The meeting, co-chaired by Italy and the United States, will bring together representatives of the 83 members of the Coalition, more than half of them at ministerial level. It is the first meeting of the plenary for two years and is presented as “an opportunity to reaffirm the cohesion of the Coalition to ensure a lasting defeat of Daesh, to reaffirm the common commitment to the stabilization of the liberated areas in Syria and Iraq and to strengthen cooperation in the thematic working groups”, the Italian Ministry of Foreign Affairs said in a statement.
The Coalition was created in 2014 to fight Daesh (also known as Islamic State or ISIS) in Syria and Iraq. However, and at Italy’s behest, the meeting will devote ample space to the fight against Daesh-affiliated organizations in other areas of the world, especially in the Sahel and various regions of Africa, “a phenomenon that has grown in size and dangerousness in recent years and poses serious risks to the security of the Mediterranean region”.
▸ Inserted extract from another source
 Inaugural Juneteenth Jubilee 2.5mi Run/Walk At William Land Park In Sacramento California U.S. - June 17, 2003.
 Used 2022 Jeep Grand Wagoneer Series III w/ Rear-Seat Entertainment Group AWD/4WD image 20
In the same sense, Arancha González Laya announced last Friday -during a joint press conference with her Iraqi counterpart, Fuad Hussein, at the Palacio de Viana in Madrid- that one of the “messages” she will take to the meeting will be the “need to focus efforts also in Africa, given that the Islamic State is spreading in the Sahel and in Sub-Saharan Africa, as we are seeing in Cabo Delgado”, in the north of Mozambique.
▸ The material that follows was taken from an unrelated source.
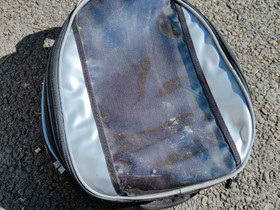 Givi tankkilaukku magneeteilla, Moottoripyörän varaosat ja tarvikkeet, Mototarvikkeet ja varaosat, Outokumpu, Tori.fi Givi tankkilaukku magneeteilla, Moottoripyörän varaosat ja tarvikkeet, Mototarvikkeet ja varaosat, Outokumpu, Tori.fi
“I will insist on the importance of the coalition paying particular attention to the fight against ISIS terrorism” in the regions of Africa where Daesh-affiliated groups are active, she continued. “It is everyone’s fight because, at the end of the day, terrorism in one country is terrorism in all countries”, she warned. For this reason, the ministerial meeting is “a good occasion to reinforce a message of unity from the international community to defeat terrorism”, added González Laya, who stated that her presence in Rome is a reflection of Spain’s “commitment to fight the terrorism that Daesh represents wherever it is present”.
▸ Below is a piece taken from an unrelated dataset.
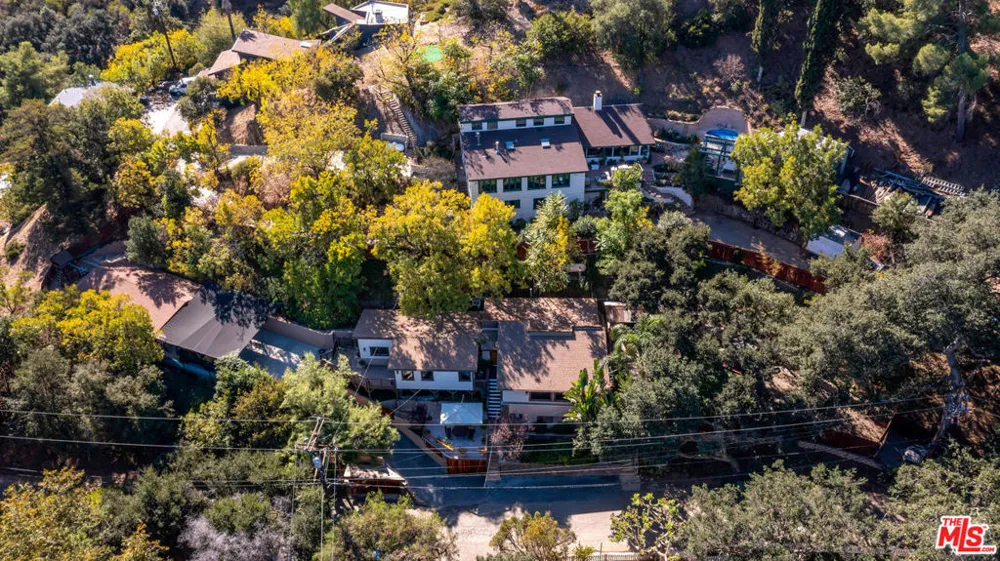 21832 Canon Drive Topanga, CA 90290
Daesh has been operating for years in the Lake Chad basin through the Islamic State in West Africa (ISWA), a splinter of Boko Haram, and in the Sahel through the Islamic State in Greater Sahara (ISGS). In addition, 2019 saw the emergence of the Islamic State in Central Africa (ISCA), which is active in eastern Democratic Republic of Congo (DRC) and, above all, in northern Mozambique, where it controls some territories.